Very close to the Roman Agora is the Library of Hadrian. Built in the 2nd century AD, the library is the largest structure built by the Roman emperor Hadrian. It was home to books, music halls, lecture rooms, and a theatre.



Next we made our way through the nearby shopping district and down the narrow lines of shops for a little window shopping (or in my case actual shopping). From there we headed for the Panathenaic Stadium, home to the first modern Olympic Games in 1986. The stadium was build from recovered Pentelic marble from the original Panathenaic Stadium built in the 4th century BC as a venue for the Panathenaic athletic contests.



To complete our loop of central Athens we walked along the edge of the National Gardens and past the Presidential Palace. The palace was being guarded by one of the Evzones, which are the Greek army's elite ceremonial unit, but as I like to call them they are the guys in the skirts with the pom-poms on their shoes. We made our way back to Syntagma Square and down the Plaka to our hostel. We spent the rest of the evening relaxing at the hostel until it was time to meet our overnight bus to Tirana, Albania.



Next Stop: Tirana, Albania

Tuesday, August 30, 2011

City of Athena: Athens, Part 1

Hope you are armed with a cup of coffee and ready for a long on because this may be the longest blog post I've written thus far. What can I say it is ATHENS!! There is so much to see and so much to say about this amazing historical city as well as its modern self. We were only there for two nights, but we saw a lot. Also, instead of telling you that I went to this really old temple and that really old building I'm going to give you a bit of historical background of the sites we visited in Athens.
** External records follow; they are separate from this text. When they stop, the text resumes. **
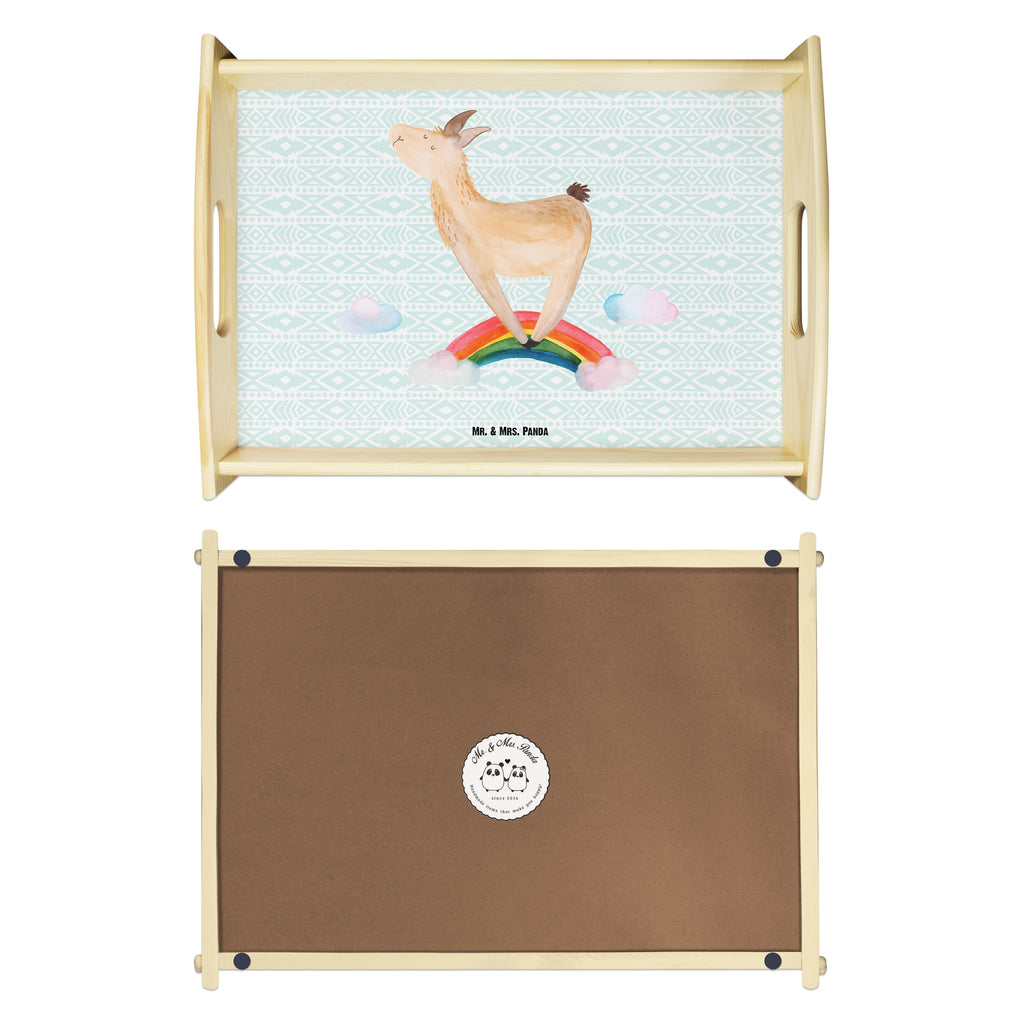 Serviertablett Lama Regenbogen Tablett, Holztablett, Küchentablett, Dekotablett, Frühstückstablett, Lama, Alpaka, Lamas, Regenbogen, Haters gonna hate, Haters, Selbstständig, Außenseiter, Schule, Abi, Hobby, Wolkenland, Freiheit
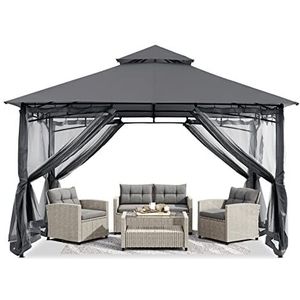 ABCCANOPY 2,5 x 2,5 m tuinpaviljoen voor terras, dubbel dakzacht dak, tuin, achtertuin, paviljoen met net voor schaduw en regen, grijs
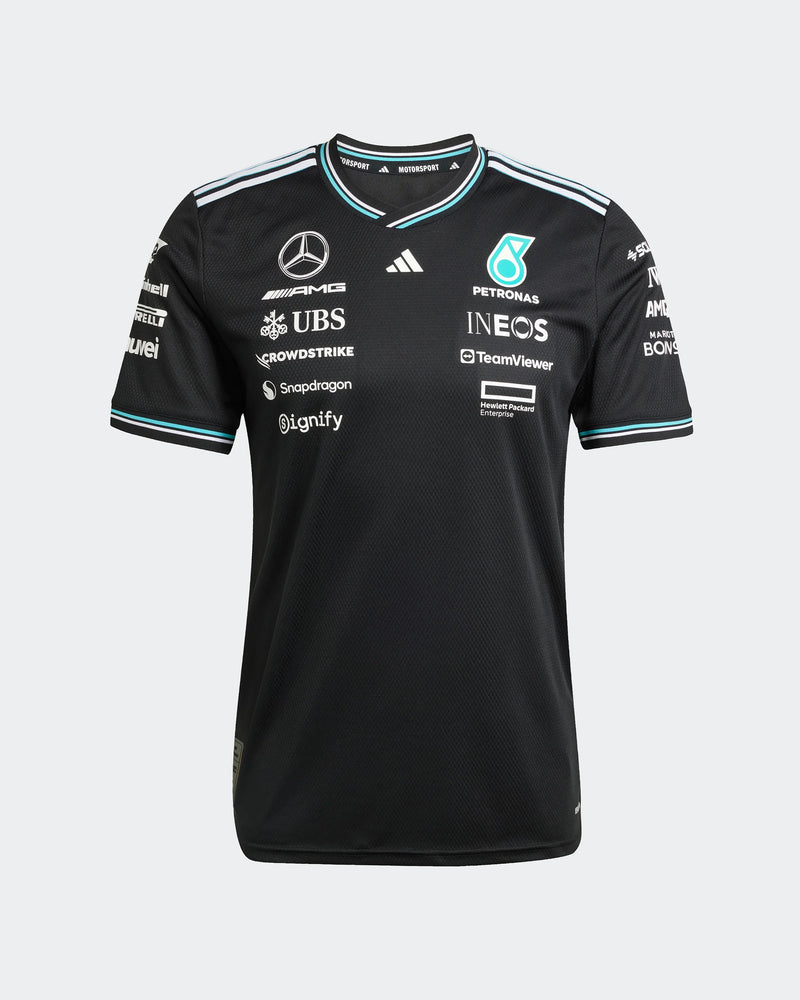 Camisa Autêntica de Piloto da Equipe Mercedes-AMG F1 2025 – Preta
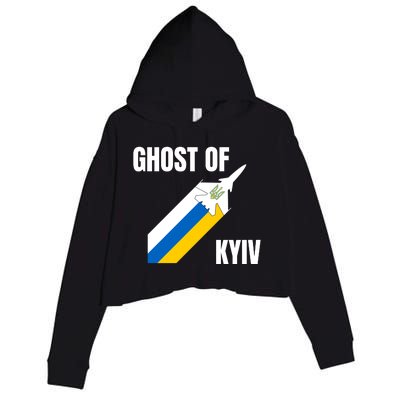 Ghost Of Kyiv Ukraine Fighter Pilot Legend Crop Fleece Hoodie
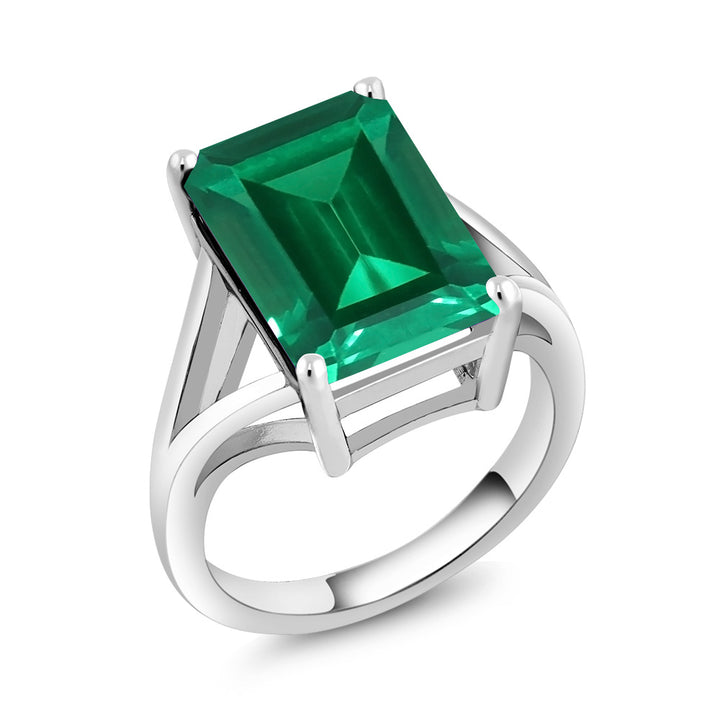 5-10 Cttw Gemstone Birthstone Solitaire Engagement Ring For Women | 925 Sterling Silver | 14X10MM Emerald Cut | Wedding Anniversary Promise Ring For Women | Available In Size 5-9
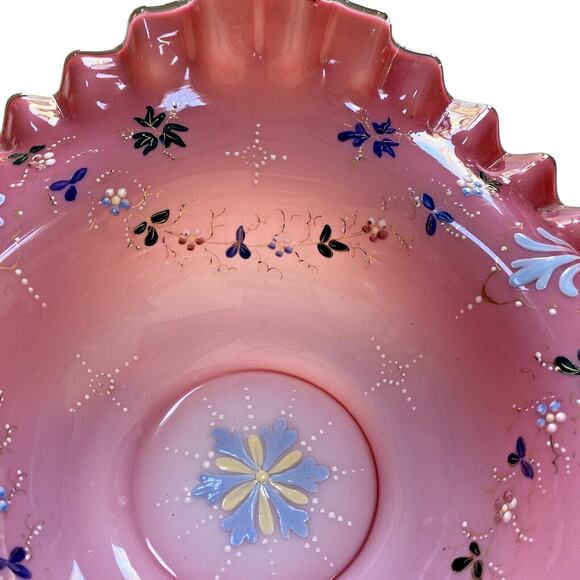 Victorian Brides Basket Bristol? Glass Cranberry Pink & White Bowl Enamel Design - Picture 9 of 10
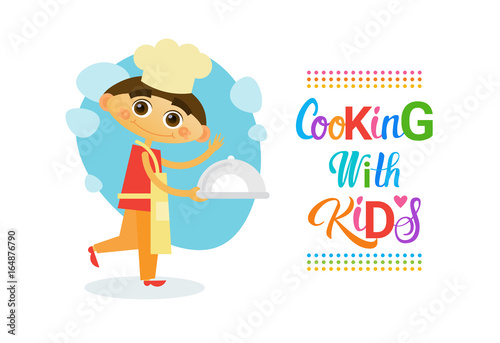 Cooking With Kids Children Culinary Classes Hobby Development Vector Illustration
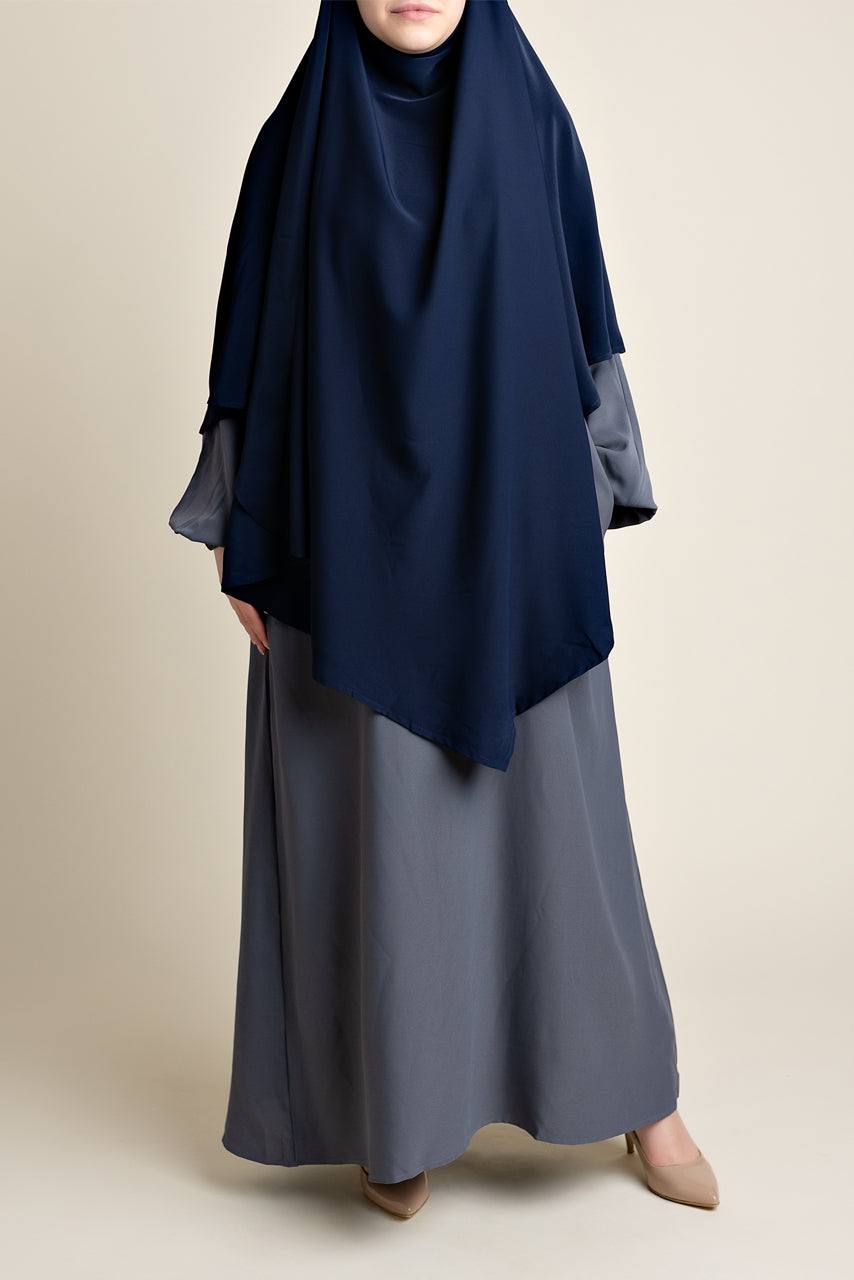 Full coverage Tie-back styled Khimar in Navy Blue color - Front view - Momina Hijabs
So ready or not here we go...

In order to make it to Athens directly from Samos Island we had to take a twelve hour ferry during the day (disappointingly the overnight ferry is the one that comes from Athens to Samos). When we purchased our tickets our only choices were outside seating or inside seating for only about €10 more so we selected inside, but it turned out that we were in first class. Getting onto the boat was quite an exercise though as it arrived in the port at Karlovasi from Samos’ main port at Vathi and simply backed up to the port let down its walkway and driveway (for those transporting vehicles) and everyone began to try and get on at the same time. The boat was very comfortable with lots of leg room and comfortable seats which made the ride much more pleasant. However, one thing I learned from the large amount of children onboard is that they have the ability to run around and play all during the ride unlike on an airplane where they must sit still. There were kids playing catch and tag and babies crying and screaming for a large portion of the ride. Luckily as the owner of an iPod I was able to ignore most of it and try and get a bit of work done on my final grad school research paper.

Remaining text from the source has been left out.